Record low cap rates still look good from a yield spread perspective, Canadian real estate analysts advise. CBRE’s newly released snapshot of second quarter cap rates and investment trends highlights the growing gap between average national cap rates and 10-year bond yields, which is now 493 basis points (bps) in real estate’s favour.
“Canadian real estate should be the beneficiary of continued capital flight from China and increasingly Europe, in light of the turmoil surrounding Brexit and the perception of the U.S. being late in the cycle,” observes Paul Morassutti, CBRE executive vice president, valuation and advisory services. “Defensive Canadian multifamily and industrial assets have seen cap rates compress, while core office and retail remain sought after, but overall bidding pools may be thinning.”
Multifamily cap rates continued to move downward in the second quarter. CBRE pegs the national average in the 4.2 to 4.9 per cent range for high-rise property and at 4.7 to 5.4 for low-rise buildings, but there is wider variation across the 10 urban markets analyzed. Vancouver, Toronto and Ottawa properties were below the national average, with class A high-rise product in Vancouver in the 2.5 to 3 per cent range.

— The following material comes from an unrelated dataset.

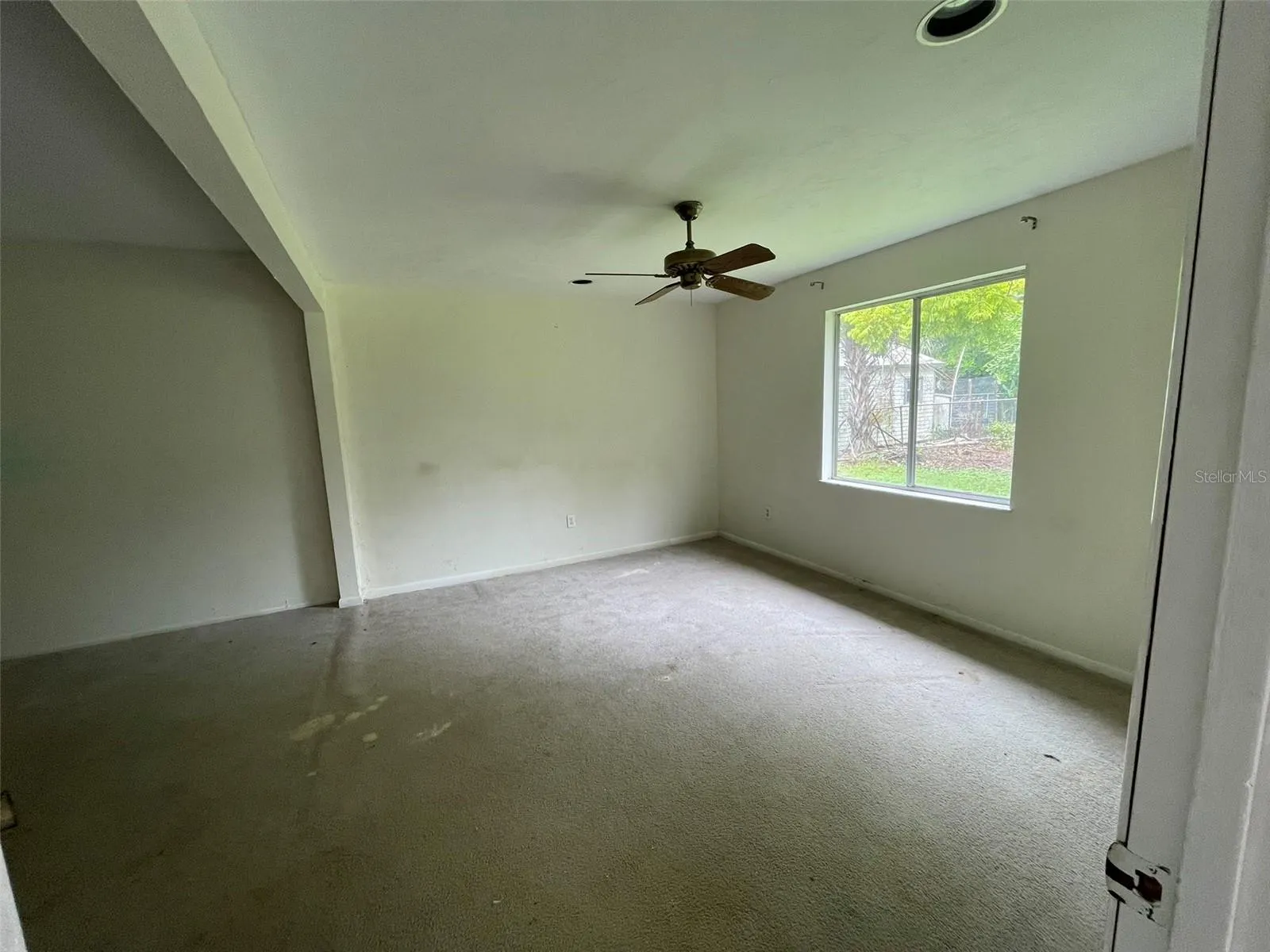 4030 SCHOOL CIR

However, Vancouver cap rates were lower than the national average in all 19 surveyed property categories — for example, in the 4 to 4.5 per cent range for downtown class AA office space versus the national average of 5.08 per cent. “Both foreign and domestic investors are showing a continued willingness to pursue significant investments at record level cap rates. Strong demand and compression of multifamily cap rates reflect investor confidence in the B.C. economy and commercial property fundamentals,” says Tony Quattrin, vice chairman of CBRE’s national investment team.

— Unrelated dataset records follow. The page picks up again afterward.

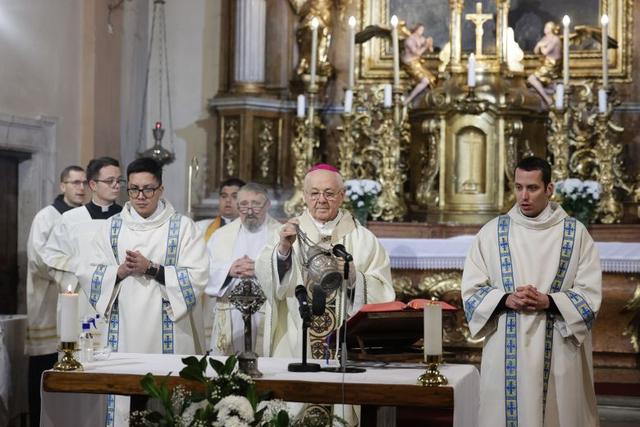 **Remény és Belső Erő: Ima a Betegekért és az Egészségügyi Szolgálatért**

Az élet néha nehéz próbák elé állít bennünket, amikor a betegség árnyéka ránk vetül. Ilyenkor fontos, hogy szívünkben megőrizzük a reményt és a lelki erőt. Az alábbiakban egy imát 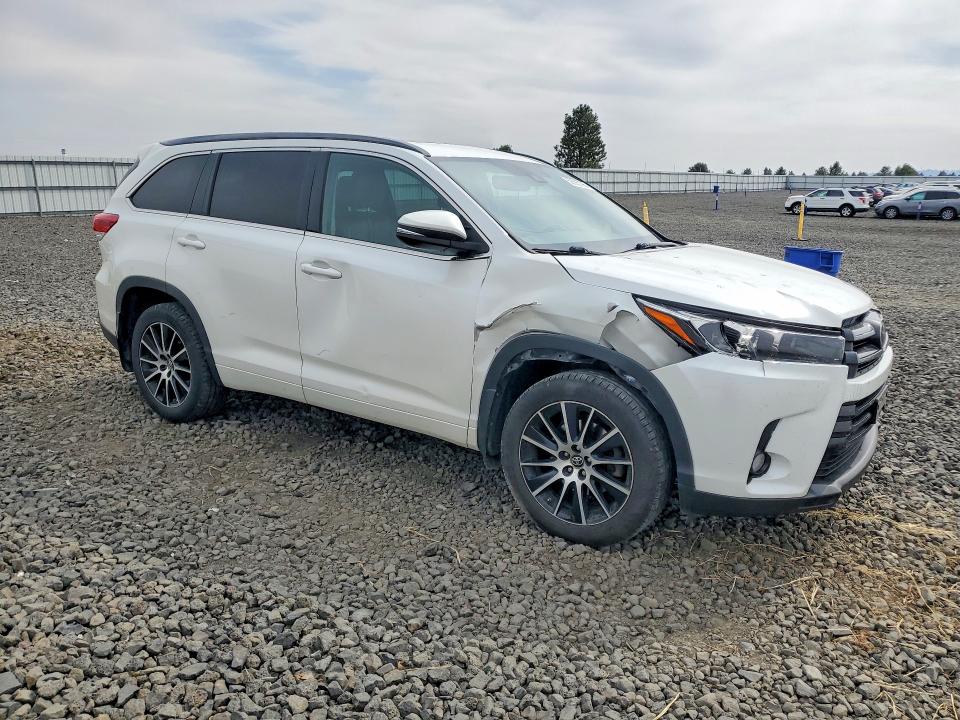 Zdjęcie 4 z aukcji – 2017 TOYOTA HIGHLANDER z VIN 5TDJZRFH4HS443028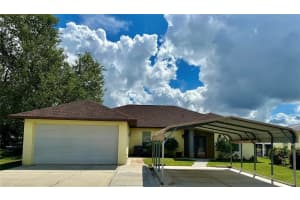 180 Lakeview Dr, HAINES CITY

The outlook is not so rosy next door in Alberta, but, with the exception of class B office product in downtown Calgary and Edmonton, values are holding. Cap rates even dropped from the previous quarter for Calgary industrial and Edmonton multifamily properties.

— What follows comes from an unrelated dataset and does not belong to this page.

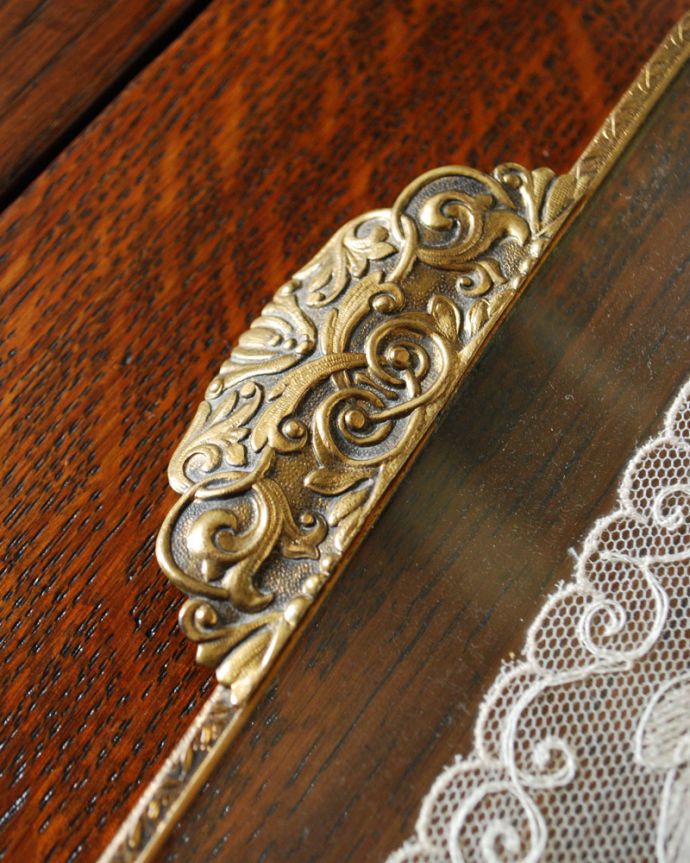 シルバーのテーブルウェア　アンティーク雑貨　フランスアンティーク雑貨、贅沢な美しさ・・・プチポワントレイ。持ち手はとっても美しい装飾が施されています。(m-1787-z)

“Investors are also motivated to reconsider Calgary as commercial property in Vancouver and Toronto becomes increasingly expensive and difficult to attain,” notes Garry Beres, executive vice president with CBRE’s national investment team.
Office properties are particularly capturing investors’ interest in Toronto, with cap rates below the national average in all five downtown and suburban categories. Rates declined from the previous quarter for downtown class A and B and suburban class B properties. Downtown class B rates also illustrate the east-west divergence: in the range of 4.75 to 5.25 per cent in Toronto versus 7.75 to 8.5 per cent in Calgary and Edmonton.
“Capital flows from domestic and global capital sources continue to show their conviction for quality assets with the market increasingly fixating on core and urban property,” says Peter Senst, president, Canadian capital markets, with CBRE. “Brexit is the latest question for investors to consider. However, the impact on Canada should be manageable and Toronto could actually benefit as a leading financial centre.”